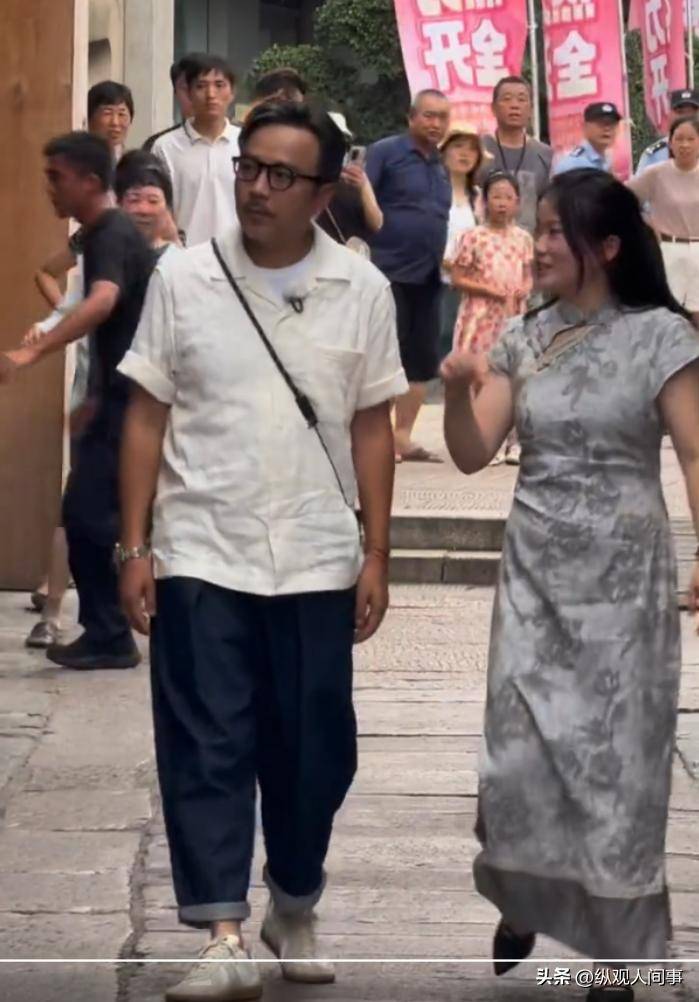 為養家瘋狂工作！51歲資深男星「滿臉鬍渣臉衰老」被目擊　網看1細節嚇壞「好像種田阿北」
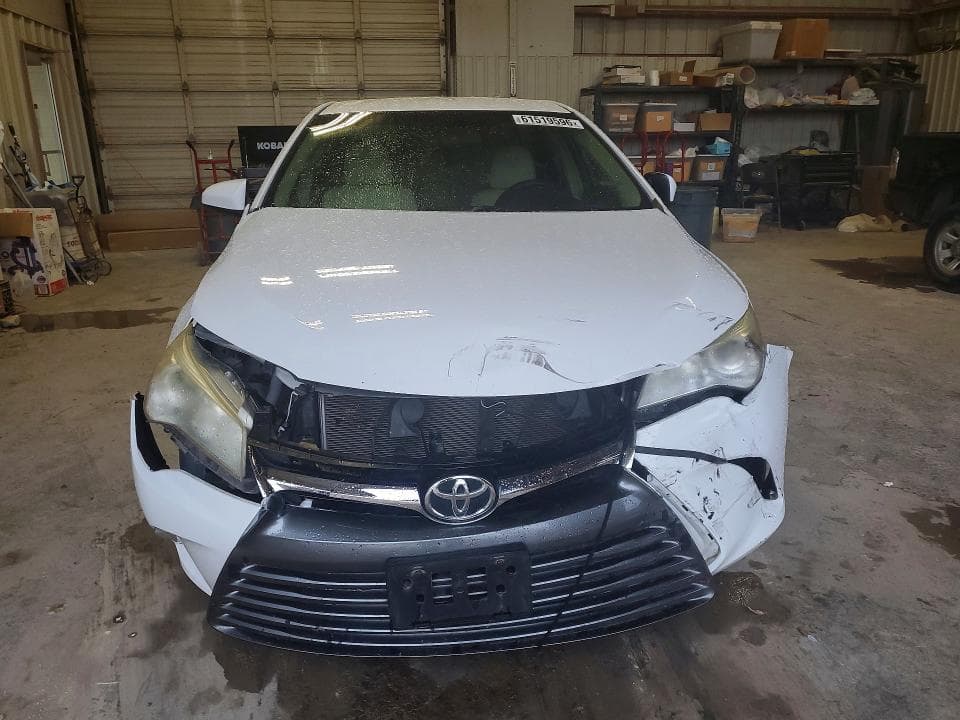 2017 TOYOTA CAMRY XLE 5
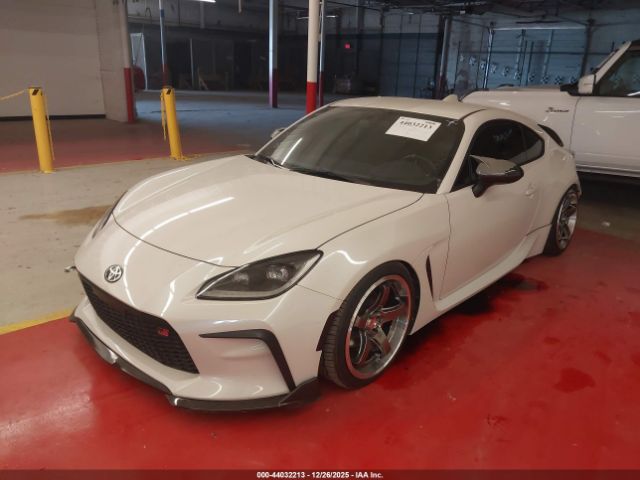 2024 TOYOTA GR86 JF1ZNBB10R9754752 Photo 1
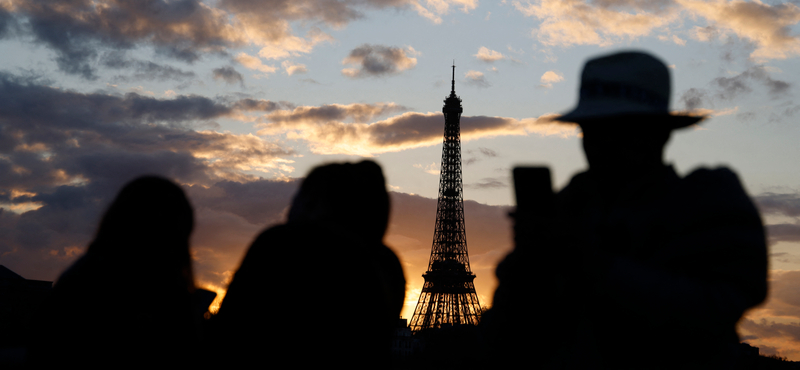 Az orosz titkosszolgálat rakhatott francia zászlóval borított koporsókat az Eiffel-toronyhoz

--

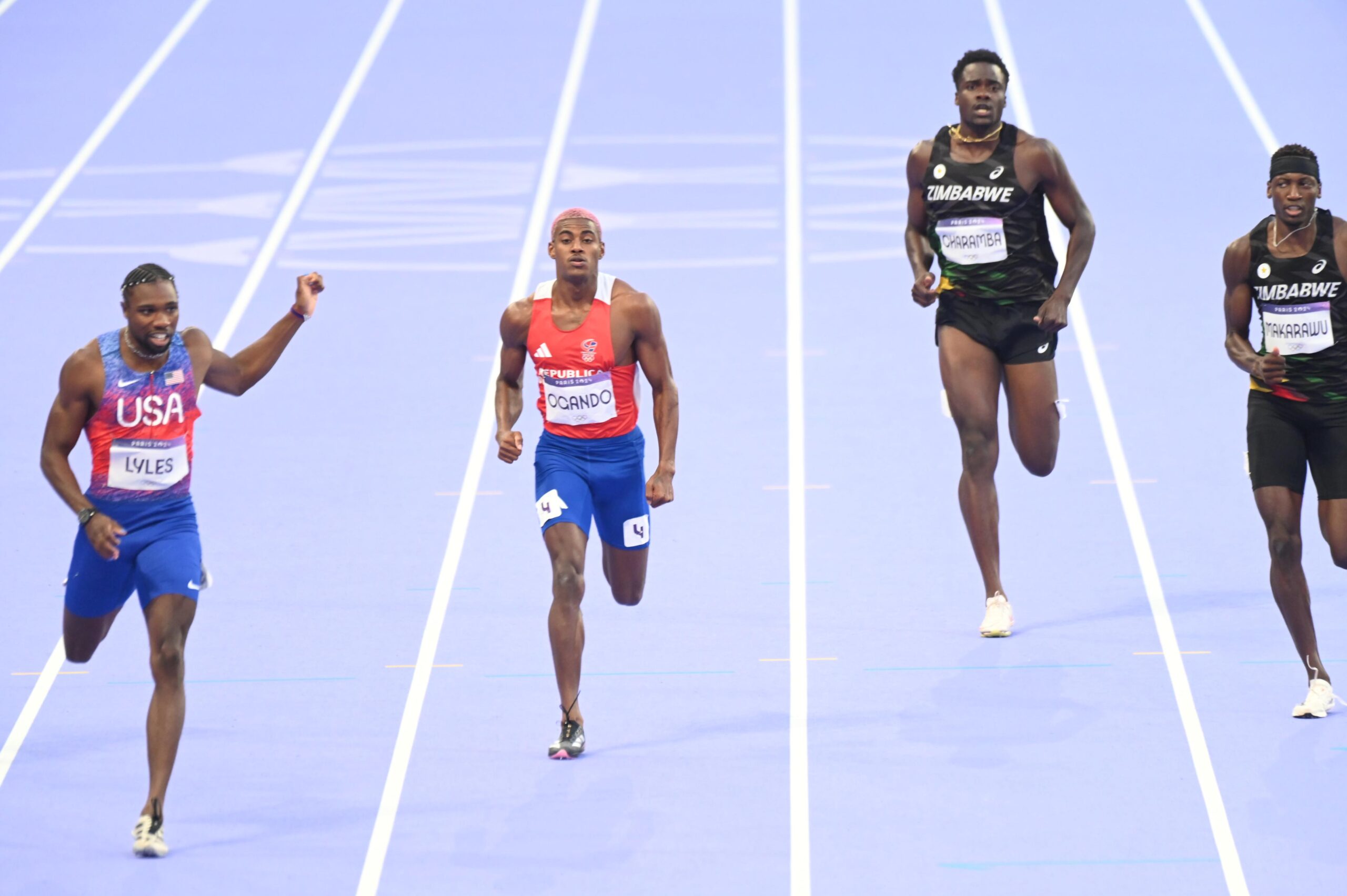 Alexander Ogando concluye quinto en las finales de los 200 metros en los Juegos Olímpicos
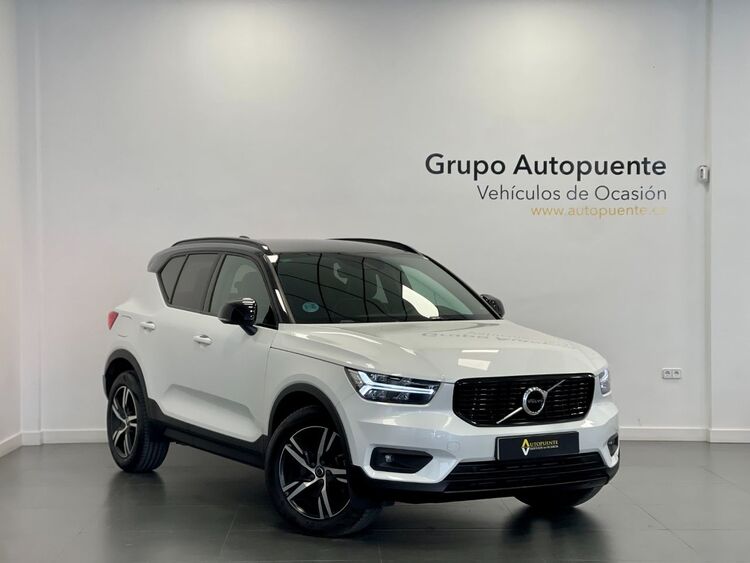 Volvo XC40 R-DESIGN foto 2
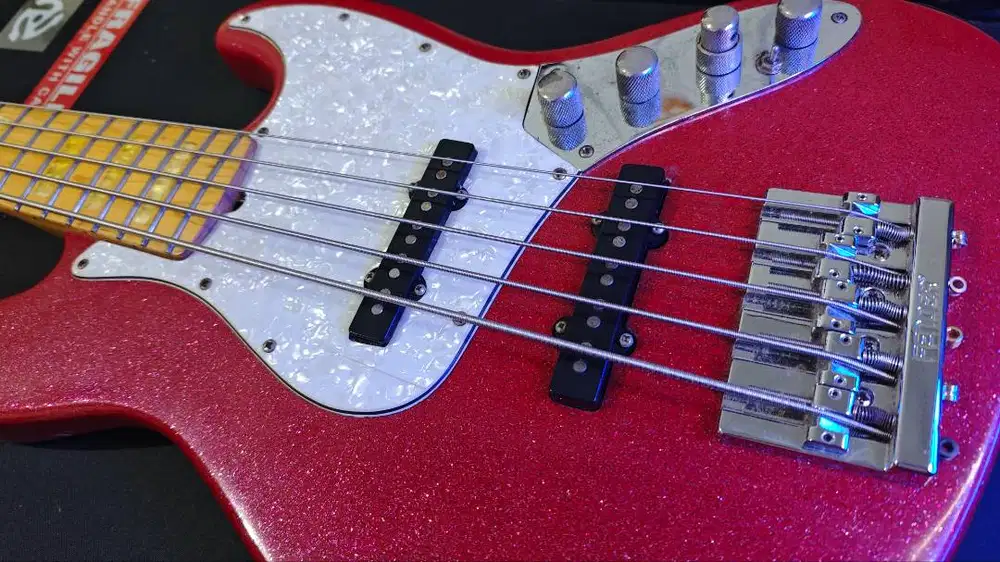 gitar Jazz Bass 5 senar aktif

==

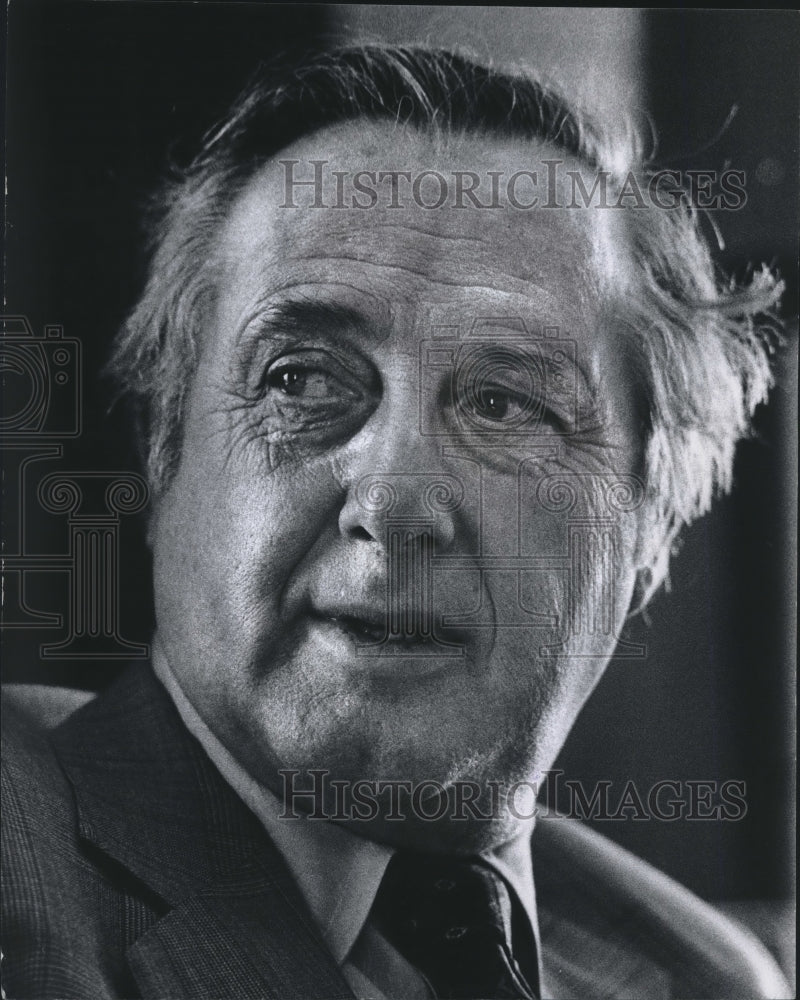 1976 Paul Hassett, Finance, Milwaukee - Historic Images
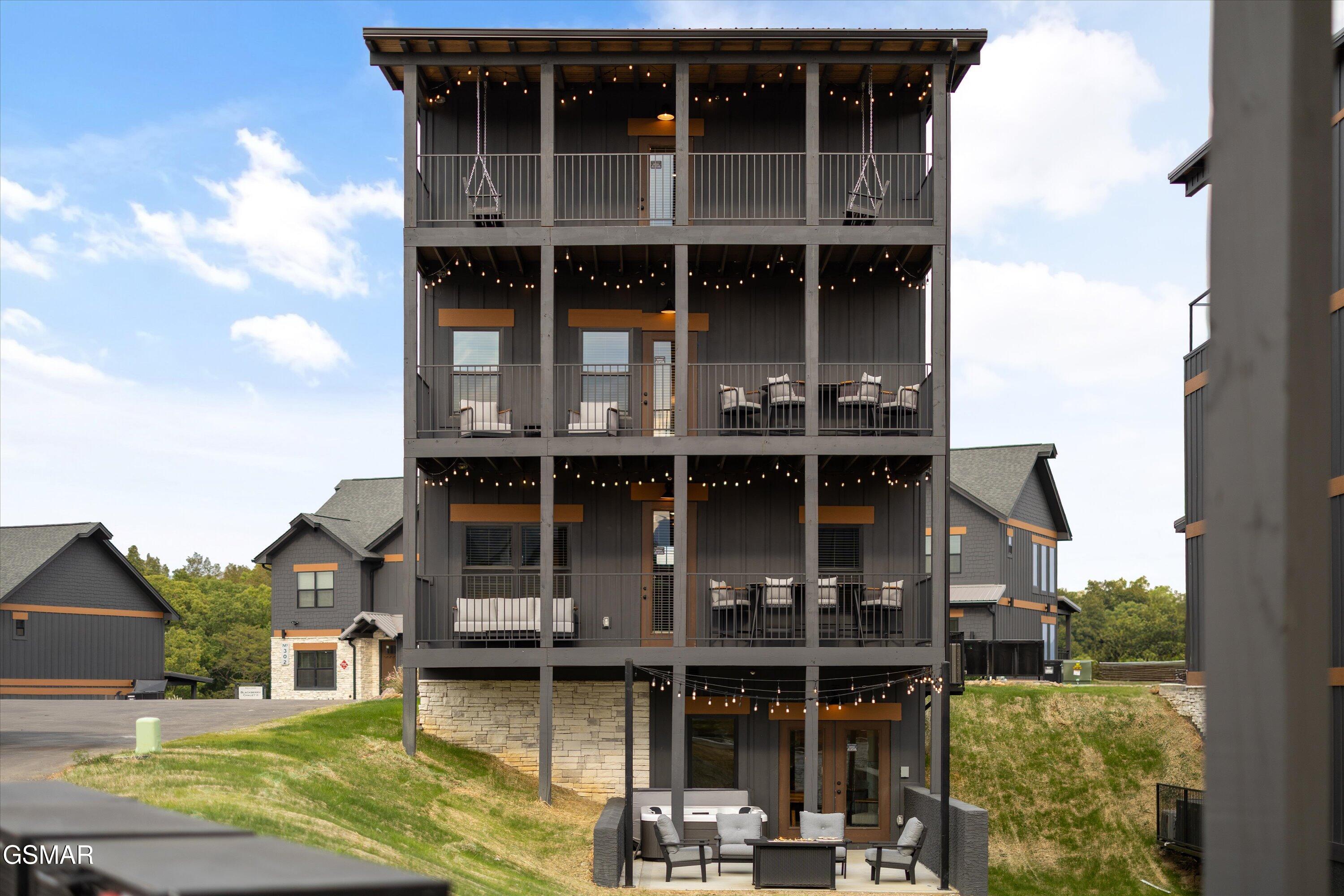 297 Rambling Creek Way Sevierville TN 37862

Work instruction: Please print the lines above word for word, starting at the one with "2017 TOYOTA CAMRY XLE 5" and ending at the one with "Az orosz titkosszolgálat", both included, and without any picture.

Solution:
 2017 TOYOTA CAMRY XLE 5
 2024 TOYOTA GR86 JF1ZNBB10R9754752 Photo 1
 Az orosz titkosszolgálat rakhatott francia zászlóval borított koporsókat az Eiffel-toronyhoz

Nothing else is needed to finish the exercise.